Imagine that you have just taken a test of emotional intelligence with a score range of 1 to 10 and a reliability of .95. The number of strata into which this assessment can be divided is about 6, which means that each strata equals about 1.75 points on the 10 point scale. If your score on this test is 8, your true score is likely to fall within the range of 7.1 to 8.9*.
The figure below shows the true score ranges for three test takers, CB, RM, and PR. The fact that these ranges don't overlap gives us confidence that the emotional intelligence of these test-takers is actually different**.
Tests with Alphas in the range of .94 or higher are considered suitable for high-stakes use (assuming that they meet other essential validity requirements).
If the test you have taken has a score range of 1 to 10 and an Alpha (reliability) of .85, the number of strata into which this assessment can be divided is about 3.4, which means that each strata equals about 2.9 points on the 10 point scale. This means your true score is likely to fall within the range of 6.6 to 9.5*.
In the figure below, note that CB's true score range now overlaps RM's true score range and RM's true score range overlaps PR's true score range. This means we cannot say—with confidence—that CB's score is different from RM's score, or that RM's score is different from PR's score.
Assessments with Alphas in the .85 range are suitable for classorrom use or low-stakes contexts. Yet, every day, schools and businesses use tests with reliablilites in the .85 range to make high stakes decisions—such as who will be selected for advancement or promotion.
If the test you have taken has a score range of 1 to 10 and an Alpha (reliability) of .85, the number of strata into which this assessment can be divided is about 2.2, which means that each strata equals about .45 points on the 10 point scale. This means your true score is likely to fall within the range of 6 to 10*.
As shown in the figure below, scores would now have to differ by at least 4.5 points in order for us to distinguish between two people. CB's and PR's scores are different, but RM's score is uninterpretable.
Tests or subscales with alphas in the .75 range are considered suitable for research purposes. Yet, sad to say, schools and businesses now use tests with subscales that have Alphas in or below the .75 range, treating these scores as if they provide useful information, when in most cases the scores—like RM's—are uninterpretable.
If your current test provider is not reporting true score ranges, ask for them. If they only provide Alphas (reliability statistics) you can use the table and figures in this article to figure out true score ranges for yourself.
Be particulary wary about test developers that claim to measure multiple diminsions with 10-15 minute tests. It is not possible to detect individual differences reliably under these conditions.
Statistical reliability is only one of the ways in which assessments should be evaluated. Test developers should also ask how well an assessment measures what it is intended to measure. And those who use an assessment should ask whether or not what it measures is relevant or important.

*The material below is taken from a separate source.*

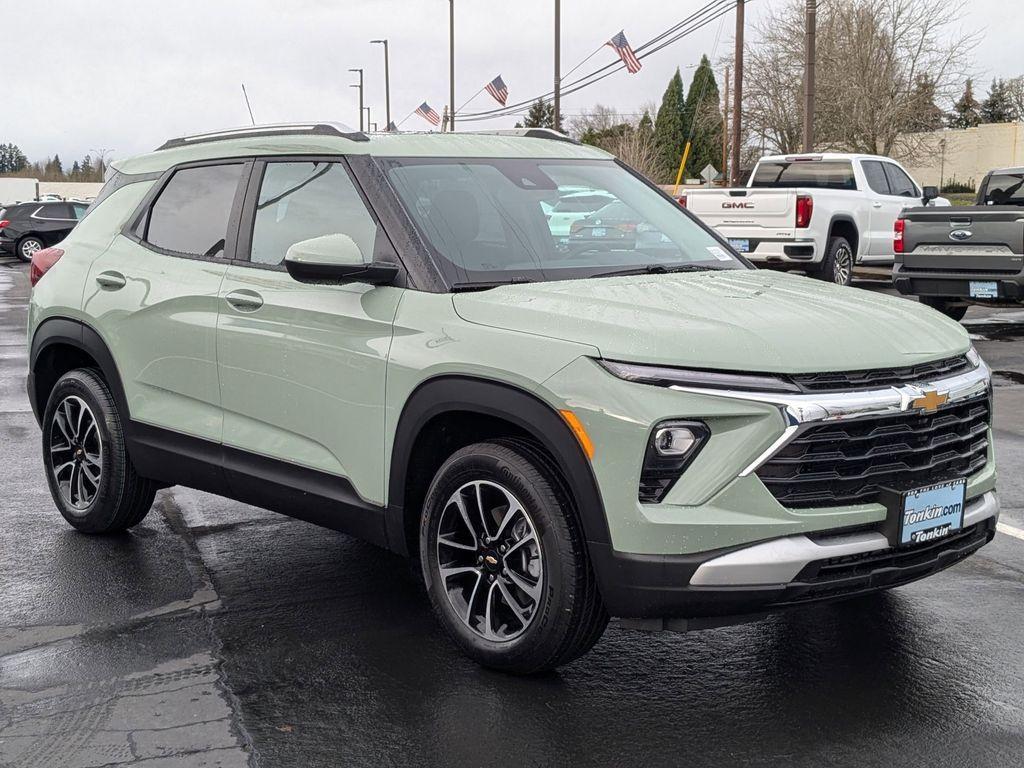 new 2025 Chevrolet TrailBlazer car, priced at $31,725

*This range will be wider at the top and bottom of the scoring range and a bit narrower in the middle of the range.
**It doesn't tell us if emotional intellignece is important. That is determined in other ways.
Guilford J. P. (1965). Fundamental statistics in psychology and education. 4th Edn. New York: McGraw-Hill.
Kubiszyn T., Borich G. (1993). Educational testing and measurement. New York: Harper Collins.
Wright B. D. (1996). Reliability and separation. Rasch Measurement Transactions, 9, 472.